Of course buying one of these bigger pots means it's not AG for less than 30 bucks anymore.............but the beer will still taste good.

pb12
 
That's not too bad pb12, efficiency isn't the be- all and end- all! If I run out of sparge during the long boils (two hours), I'll add boiling water too, in this situation the fuller that kettle is then the better IMO (i.e. lower concentration, helps minimise trub losses).
Hops utilisation can change with the variations in SG (i.e. when adding boiling water or sparge), but I've never really been that bothered by it, my ESB recipe (tomorrow will be batch #32) still has about 20IBU of bittering, 10IBU flavour and 2g/L late addition, which is roughly where it started, only once have I thought the bittering was crook, and then it was slightly too bitter anyway.

Nodrog, yes, IIRC that's right (from memory!).

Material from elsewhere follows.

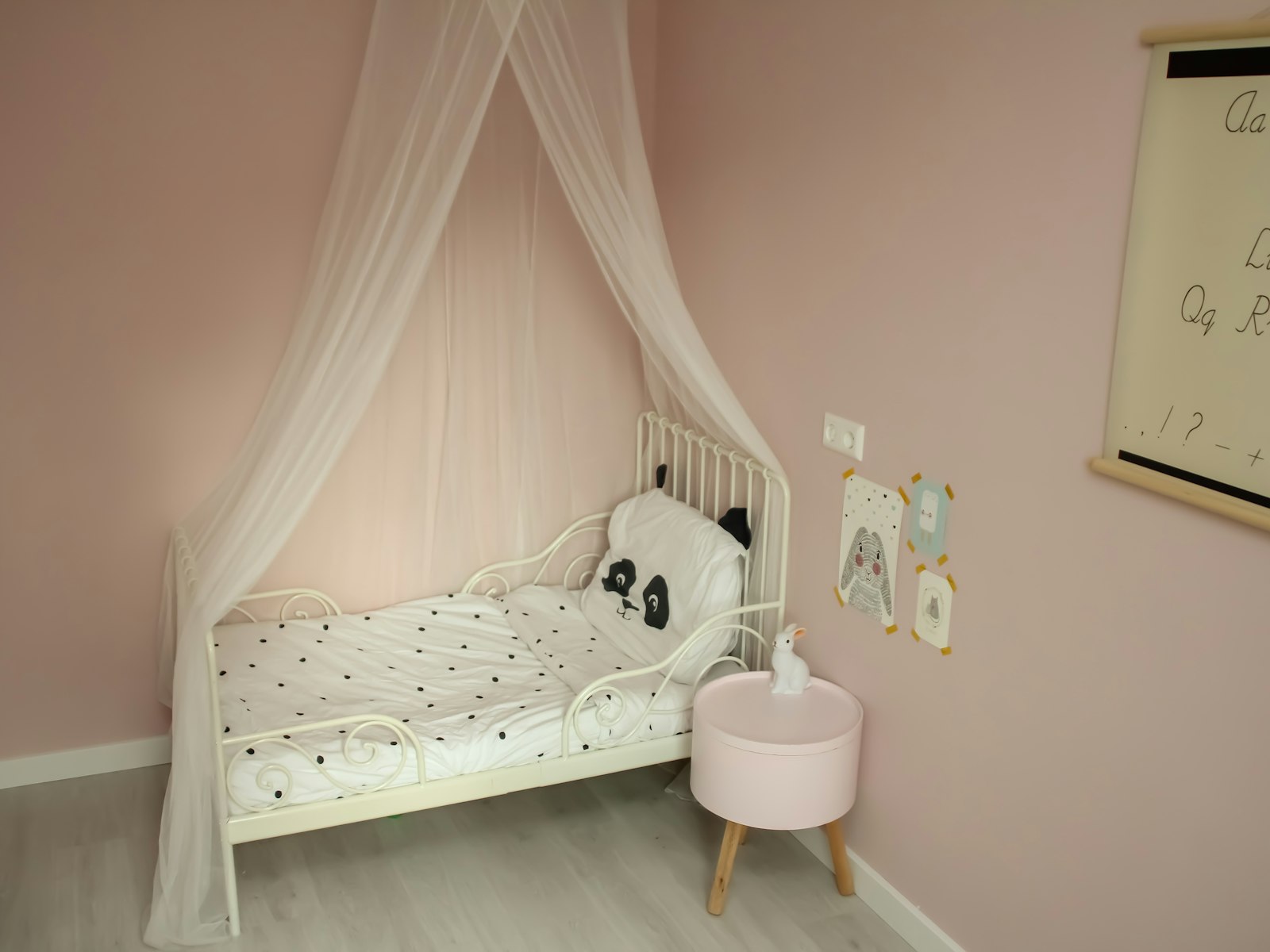 Toddler bed with mesh canopy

To be honest though, I don't think the overall effect is as bad as 10%, so be careful not to overdo it, in fact the first few batches I'd be happy to just ignore it as our largely- untrained palates probably aren't able to distinguish these small variations anyway.

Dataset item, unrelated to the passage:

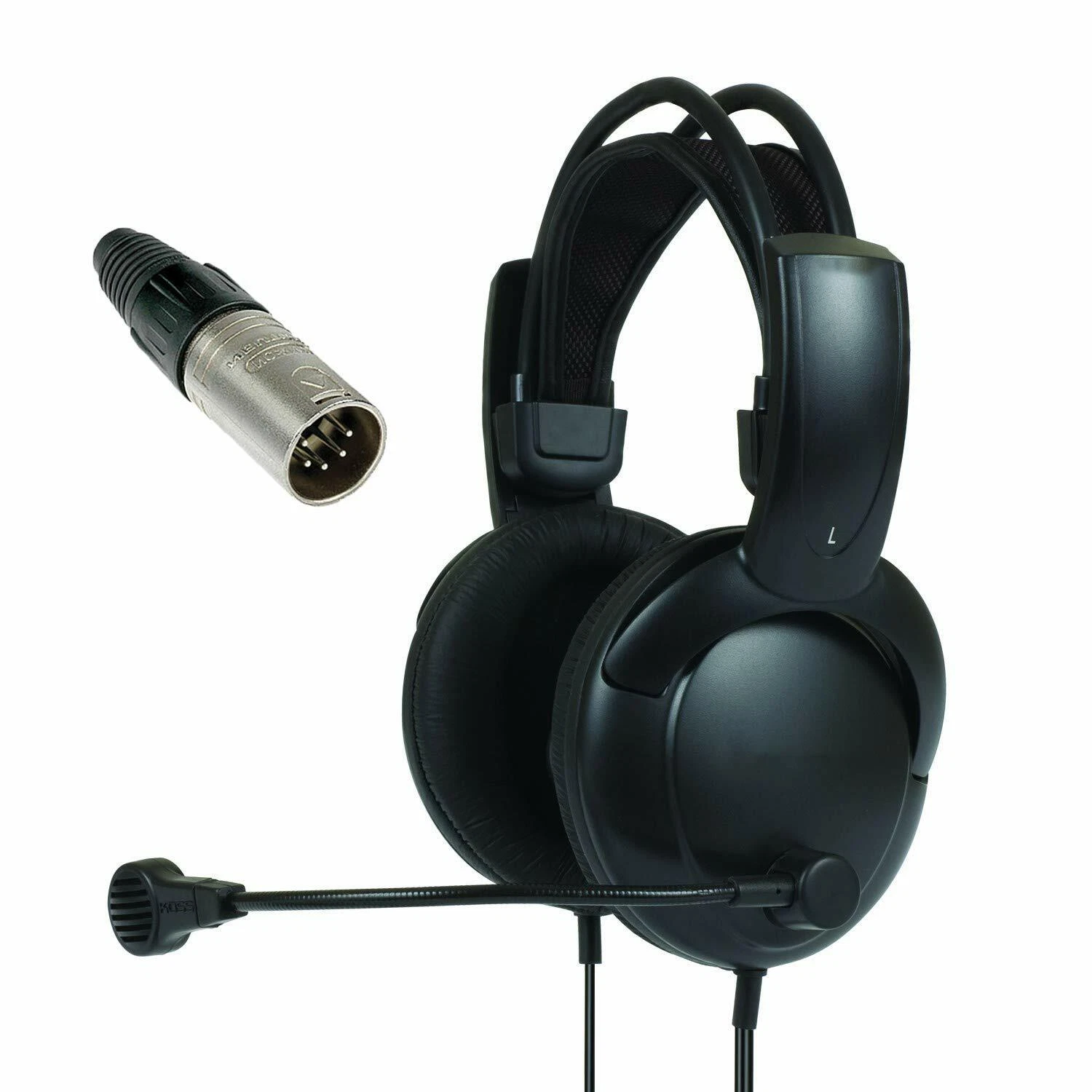 double muff 5 pin male communication headphones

FWIW, one reason I've stayed with BIABing in the 19L pot is simply that it works well enough for me, but I'm also quite familiar with the way it behaves and I know where the performance boundaries are plus it actually gives me the results I desire and it didn't cost me much dough at all. B)
 
Nodrog

Of course another way to increase capacity, especially if you already have another heat source........is too do side by side batches. Lets say 'Move To All Grain For Sixty Bucks'.
2 x 17L Pot
2 x Bags etc. all happening side by side.

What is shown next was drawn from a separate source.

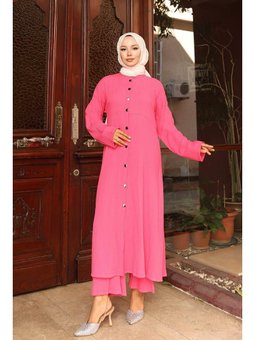 Yaka Detaylı Uzun Fuşya Takım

It is something I've been considering but with 2nd pot, 2nd bag and, for me, another burner ($50), it is probably going to be $90 or so. Thus I might as well get a bigger pot. (The risk for me is my current burner will struggle to get the bigger pot to the boil)

pb12
 
[snip]
Mash: Doing this is easy, fill with water to about 3/4, raise to strike temp (desired mashing temp + 4C works for me), remove a couple of litres temporarily, put the bag in & add the grain, use the couple of litres of water to adjust the temp (so boil it for raising or just add cold for lowering), but at the end of it you want the pot full to the brim. Mash as per usual, I like fairly dry beers so I mash low and long, but well before the end of the mash, put on to boil about 1/3 of the volume of the pot of water, this will be used to sparge and will be just off the boil. Another smaller pot is useful to do this but a plastic bucket is fine too.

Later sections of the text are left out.